The Koyamazaki ruins (小山崎遺跡, Koyamazaki iseki) is an archaeological site containing the ruins of a Jōmon period settlement located in what is now the Nanamagarihigashi, Fukiura neighborhood of the town of Yuza, Yamagata in the Tōhoku region of northern Japan. The site was designated a National Historic Site of Japan on March 10, 2020.

==Overview==
The Koyamazaki site spreads out on the southwestern foot of Mount Chōkai, on the right bank of the Ushiwatari River. The main remains are on the hill slopes to the north and the lowlands to the west, centering on a tongue-shaped plateau about 5 meters above sea level which protrudes from the foot of the mountain into the plains. The Ushiwata River flows westward to the south of the ruins. This is a river with a salmon run, and salmon bones have been detected in the soil of the ruins. In the virgin forest on the east side of the ruins is Maruike Pond, which has existed since the Jōmon period and is still worshiped as a sacred site today. It has a diameter of 30 meters and a depth of 3 to 4 meters.

The site was inhabited over a period of time, from the early Jōmon period to the late Jōmon period, with the major concentration of remains from the late-middle to final period. The length of continuous occupation provides valuable insight into how land use evolved with changes in the natural environment, such as major changes in sea levels and climate in the "Jōmon transgression" and "Jōmon regression". It provides insight into differences between villages located on the slopes of the hills and the waterside remains located in the lowlands. A large amount of both animal and plant remains have been unearthed from this site, and since these were unearthed stratigraphically together with earthenware, stone tools, and wooden products, the evolution the Jōmon diet can also be surmised.

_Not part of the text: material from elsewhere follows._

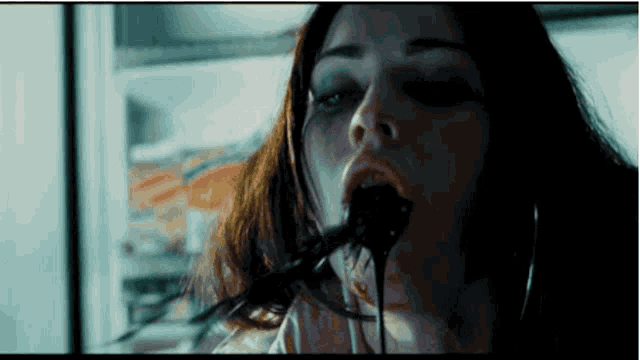 a woman is eating a piece of chocolate with a spoon in her mouth .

According to analysis of diatom fossils, the lowland around the tongue-shaped plateau, which is the center of the site, was a lagoon during the Jomon transgression in the early Jōmon period, but became a tidal flat and then a low marsh after the middle Jomon period. Relics from the early Jomon period have been unearthed from a slightly elevated area on the east side of the site, and three shell middens and one Prehistoric storage pit for storage of acorns (Quercus serrata) can be seen in these lowlands. The shell middens contained mainly clams that lived in brackish water. Acorns have traces of processing to prevent germination during storage. During the middle Jōmon period, the coastline receded (the Jōmon regression) to almost its present position due to the effects of climate cooling. In the middle to late period, a settlement was formed on the hillside on the north side of the site (northwest of Maruike Pond). Cultivated species such as hemp, millet, and burdock-like species have been unearthed from the inclusion layer of the late period. Also in the late period, the lowland on the west side of the ruins was developed, and the so-called "waterside remains" (described below) were built. By the middle of the late period, the use of the "waterside remains" had ended, and traces of settlement declined, leading to the speculation that the settlement was gradually abandoned.

The "waterside remains" that characterize this site are a series of facilities that were built in the late Jōmon period in the lowlands on the west side of the site, connected to the former channel of the Ushiwatari River. It consists of paving stones, driven piles, wooden paving remains, and road-like remains with a length of 23 metes and width of up to two meters. The structure also appeared to function as a levee. Similar facilities have been found in other Jōmon period settlements and were used to process acorns to remove the bitterness and make them more palatable. There was also a separate 4x 6 meter platform made of andesite paving stones on a wooden foundation to prevent uneven settling. The presence of a grinding stone with red iron oxide powder along with unfinished wooden products in this area suggests that this was connected with a workshop used to produce the red lacquered wooden products have also been unearthed at the Koyamazaki site.